MARINE TOURBILLON ÉQUATION MARCHANTE 5887
At the heart of its movement, incorporating a perpetual calendar and the running equation of time, is a cam placed on a sapphire disk. It performs one revolution per year and faithfully reproduces the cycle of the equation of time. This patented transparent disk, which indicates the 12 months of the year on the periphery, offers a glimpse of the Tourbillon below. The indication of the equation of time is provided by the finger-piece, which follows the shape of the cam.
CLASSIQUE TOURBILLON EXTRA-THIN AUTOMATIC 5367
Modern technologies have played a key role in the design of this ultra-thin Tourbillon with a movement only 3 millimeters thick, thanks to a titanium carriage, a silicon balance spring and escape wheel. As the construction of the movement has been redesigned, the rotation of the carriage is propelled by a peripheral toothed wheel.
CLASSIQUE TOURBILLON EXTRA-THIN SQUELETTE 5395
The extra-thin caliber of this timepiece features a balance wheel oscillating at a high frequency of 4 hertz, while maintaining a comfortable power reserve of 80 hours. This is made possible by the high energy barrel, the design of which is patented. The caliber is fully skeletonized. The gold plate and bridges have been hollowed out and hand-decorated so as to display the mechanical anatomy of the movement.

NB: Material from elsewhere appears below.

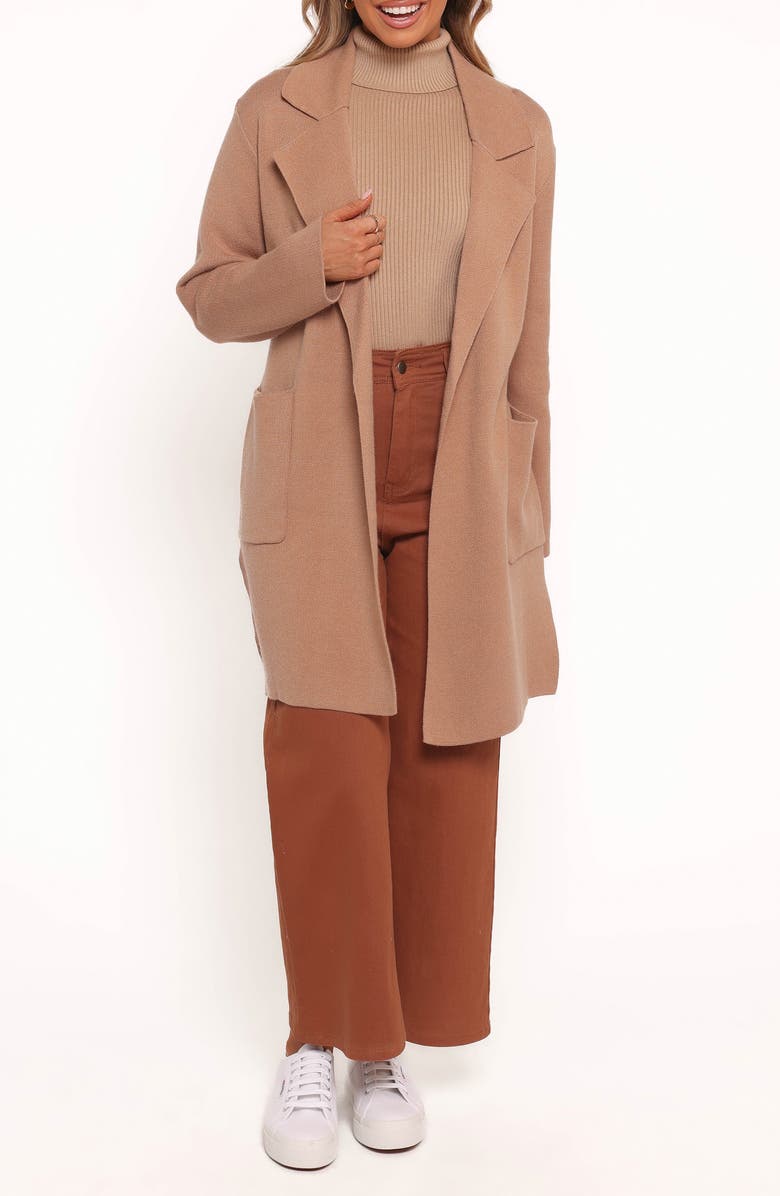 Petal & Pup Corio Tie Waist Coatigan, Main, color, Tan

CLASSIQUE DOUBLE TOURBILLON 5345 QUAI DE L’HORLOGE
The astute construction of this movement has been covered by several patents. The two mechanical hearts beat independently from one another, each driven by their own barrel. Like a delicately chased sculpture, the entire movement pivots around its axis to the rhythm of one revolution every 12 hours. The various calibrations are done manually, such as the poising and balancing of the Tourbillon carriages.
Patented on June 26, 1801, the Tourbillon underwent more than 10 years of development. When he finally released the results of his research to the public, Abraham-Louis Breguet did not write just one page on watchmaking. No, in fact, he started a book that even 220 years later, is not finished yet – far from it.